Round up to the nearest whole square. That's your order quantity for shingles and underlayment.

The Complete Material List

A full residential asphalt shingle takeoff includes more than just shingles. Here's every line item and how to calculate it:

Shingles

3 bundles per square. Verify your product — some designer shingles are 2 or 4 bundles per square. Order your waste-adjusted square count.

Current price range (varies by region and product): $35–$80 per bundle ($105–$240 per square).

Underlayment

Synthetic underlayment (standard today): 1 roll covers 4 squares. Divide your adjusted square count by 4, round up.

Felt 30# (older standard): 1 roll covers 2 squares.

Price: $30–$60 per roll for synthetic; $15–$25 for felt.

Ice & Water Shield

Calculate linear footage of eaves. Multiply by the coverage width of the product (typically 3 feet or 4.5 feet) and convert to sq ft, then to squares. Most codes require 2 full rows at eaves (covers 6 feet above the exterior wall line), plus all valleys full coverage.

1 roll (typically 75 sq ft) covers about 0.75 squares. Calculate eave length + valley length, apply coverage math.

Price: $60–$120 per roll depending on product.

Starter Strip

Measure linear footage of eaves + rakes. 1 bundle covers approximately 100–105 linear feet. Round up.

Price: $30–$50 per bundle.

Ridge Cap Shingles

Measure linear footage of ridge, hip, and (if applicable) rake ridge. 1 bundle covers 33–35 linear feet depending on the product.

Price: $50–$90 per bundle.

Drip Edge

Measure linear footage of eaves + rakes. Standard aluminum drip edge comes in 10.5-foot sticks. Divide total linear feet by 10, round up for stick count.

Price: $1.00–$2.50 per linear foot (varies by style and gauge).

Pipe Boots

Count plumbing vents and other pipe penetrations on the roof. Each gets a new boot. Standard sizes: 1.5", 2", 3", 4". Order to match the actual pipe sizes.

Price: $8–$25 per boot.

Step and Counter Flashing

For chimneys, dormers, or walls: measure the perimeter of the flashing interface. Provide step flashing (for the shingle course interface) and counter flashing (for the wall side). Both are typically aluminum, lead, or copper.

Price varies widely; budget $100–$300 for a standard chimney flashing set.

Valley Metal (if using open valley)

Measure valley lengths. W-valley metal comes in 10-foot lengths.
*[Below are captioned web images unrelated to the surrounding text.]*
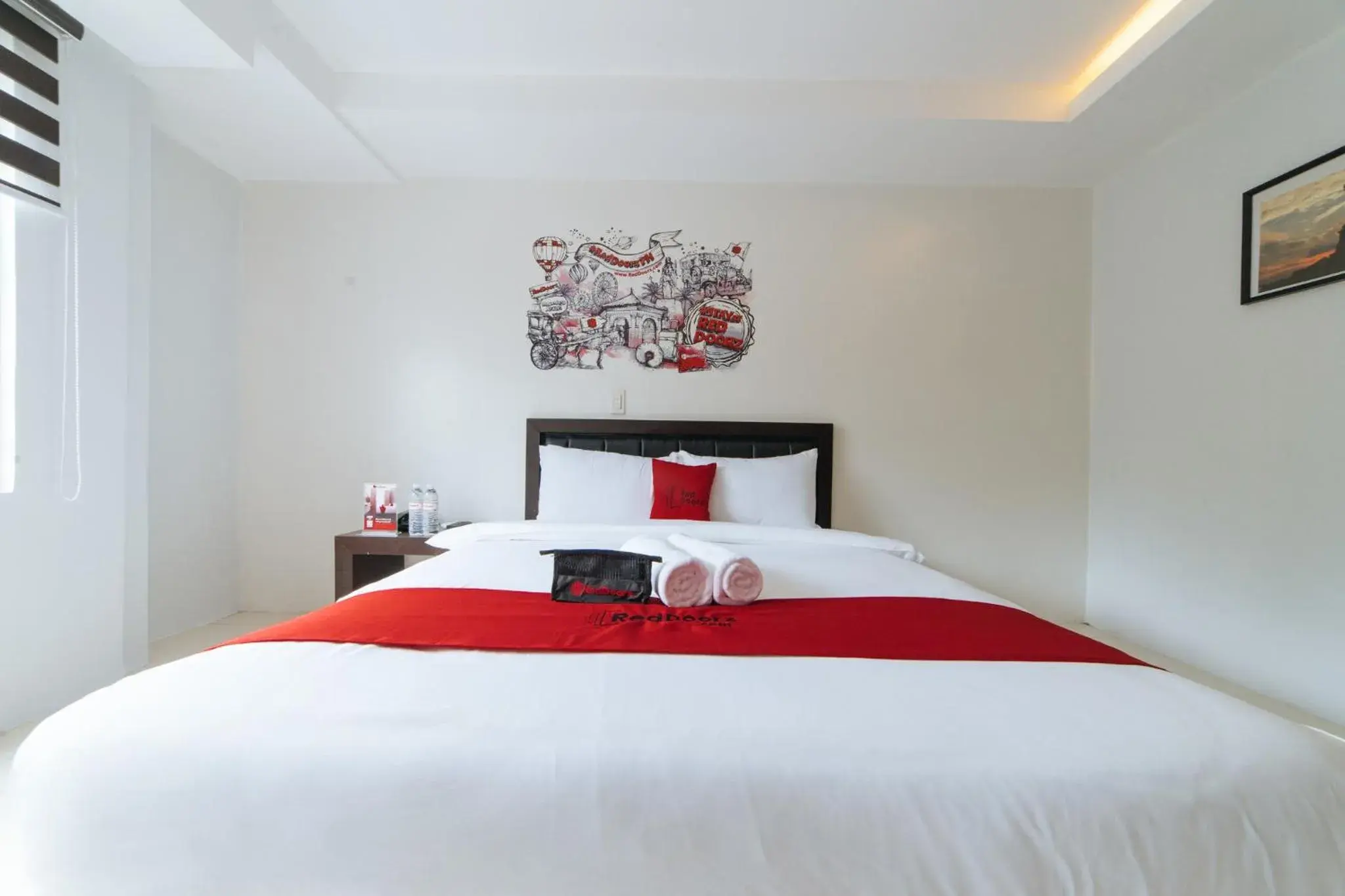 Bedroom, Bed in RedDoorz Plus at One Liberty Hotel Kalayaan Avenue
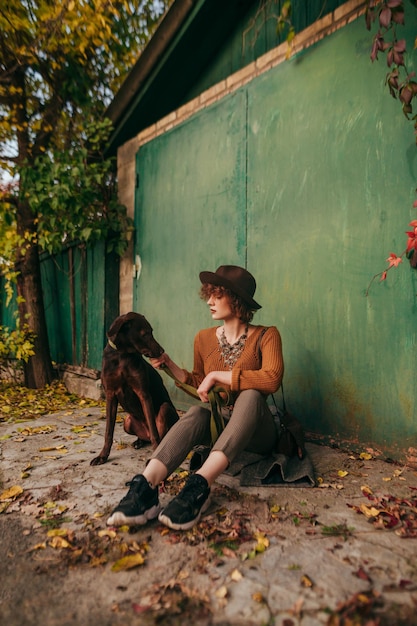 Retrato de moda de una dama sentada en el otoño en el suelo al fondo de la puerta verde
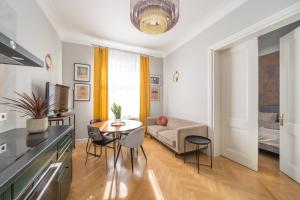 a living room with a table and a couch at Luxury Design 2BR Apartment cozy stay for 5 in Riga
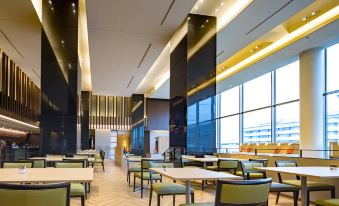 a large , modern restaurant with multiple dining tables and chairs , as well as a kitchen area at Centrair Hotel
Price: $15–$25 per 10-foot section.

Roofing Nails

Standard nailing: 1 box of 1-3/4" or 2" coil nails per 10 squares with a nail gun. Hand nailing takes more boxes. For ridge cap, a separate box of longer nails (2.5") is needed.

Roof Deck Ventilation

If replacing ridge vent: measure ridge linear footage. Ridge vent comes in 4-foot sections; calculate count.

Disposal and Logistics

Don't forget:

  • Dumpster: 1 layer of shingles on a 25-square house = approximately 1.5–2 tons. A 10-yard dumpster handles most residential tear-offs. 2 layers = 2–3 tons; you may need a 15-yard or two loads.
  • Magnetic nail sweep: 1 per job. Include in job setup cost.
  • Delivery charges: Many suppliers charge for delivery, especially for large orders. Build this into your material cost.

Build a Running Price List

Material prices change — sometimes significantly. Shingles spiked 20–40% between 2021 and 2023. Current prices may be different by the time you read this.
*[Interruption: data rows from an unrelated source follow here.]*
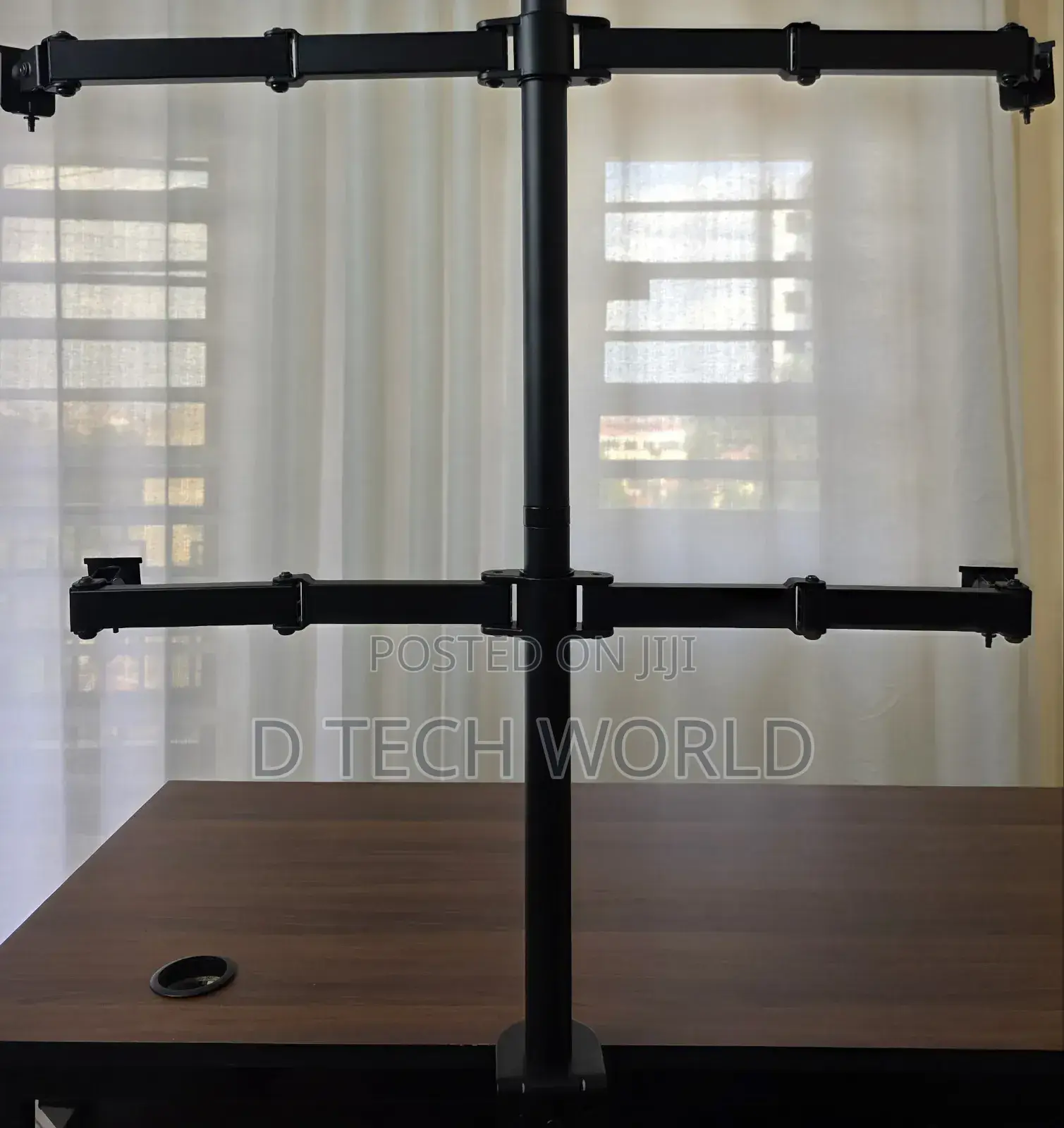 Quad Monitor Stand 
Supports 24 and 27 Inch 
Height Adjustable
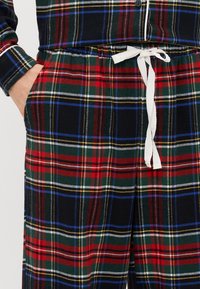 Rutet pyjamasæt med sort bund og røde, grønne, blå og gule striber, blødt stof, elastisk talje og hvid snor.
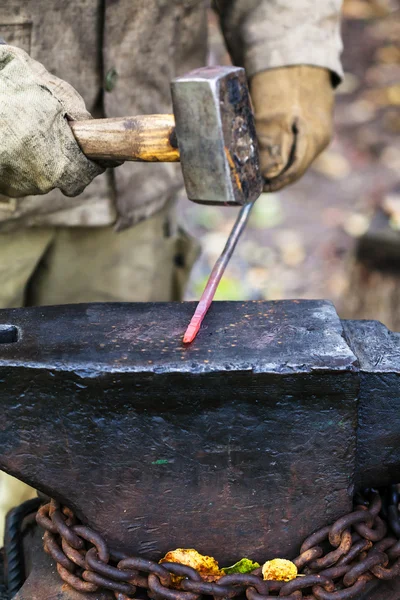 Blacksmith forges hot steel rod with sledgehammer — Stock Photo, Image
Build a running price list from your primary supplier and update it at minimum quarterly. If you use roofing estimating software, update the pricing in the product database when you get your supplier price sheet. An estimate built on 6-month-old prices can cost you real margin.

Tracking Actual vs Estimated Material Cost

Your takeoff is an estimate. What you actually order, what gets used, and what gets returned or written off is the actual. The gap between estimated and actual material cost is where margin leaks happen.

Track this gap on every job. If you're consistently estimating 26 squares and returning 2 squares of shingles, your waste factor is too high and you're overcharging customers. If you're regularly running short and making emergency supplier trips, your waste factor is too low and you're paying more per job in extra delivery charges and labor time.

After 10–15 jobs tracked, you'll know exactly how accurate your takeoffs are and where to adjust. That calibration is worth more than any generic rule of thumb.